Sounds good, although I'm 10.5. Will there be enough slack for this slightly bigger size?


----------



## DevilWithin (Sep 16, 2013)

I can't speak to making a size 10.5 Lashed boot work since I have 10's. I don't think a half a size is going to make that much of a difference though. Like other suggest...either take them in to a shop and try them out or roll the dice and return your online order if they don't work out. I didn't have to extend the "gas pedal" all the way out, so you should still have room and I didn't have the toe / heel straps on the last hole either. 
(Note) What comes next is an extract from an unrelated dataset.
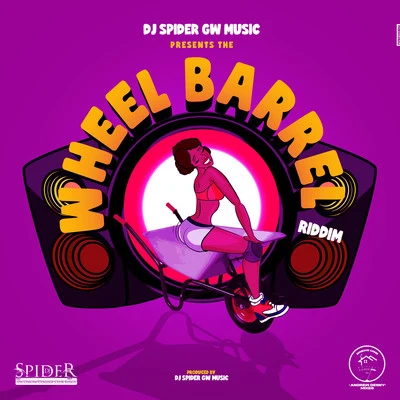 Swaggy/Verseewild/Dj Spider Wheel Barrel Riddim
BTW, which Burton Bindings were you going to pair with the Lashed?


----------



## Lamps (Sep 3, 2011)

Burton sizing is based on burton boots which have 'shrinkage tech', makes the boots a bit smaller vs normal boots for same sizing. So you can't be sure that a 10.5 non burton boot will fit a medium, need to check.


----------



## tomcat4000 (Dec 19, 2014)

I was thinking on getting a 2014 Mission. Found them for 140$. Truth be told, I'm really confused when it comes to binding. I don't have a board yet so I know whichever binding I pick, it should be compatible with the standard 3/4-bolt setup, have a nice flex of around 6, padded ratchets and perhaps canted soles. Hmm.. I was thinking on picking up bindings from a more niche kind of brand, like Flux or NOW. Each brand has a gazillion of options all look very confusing. I'm not into entry-level stuff. I wanna go intermediate so the gear lasts longer before it has to be replaced.


----------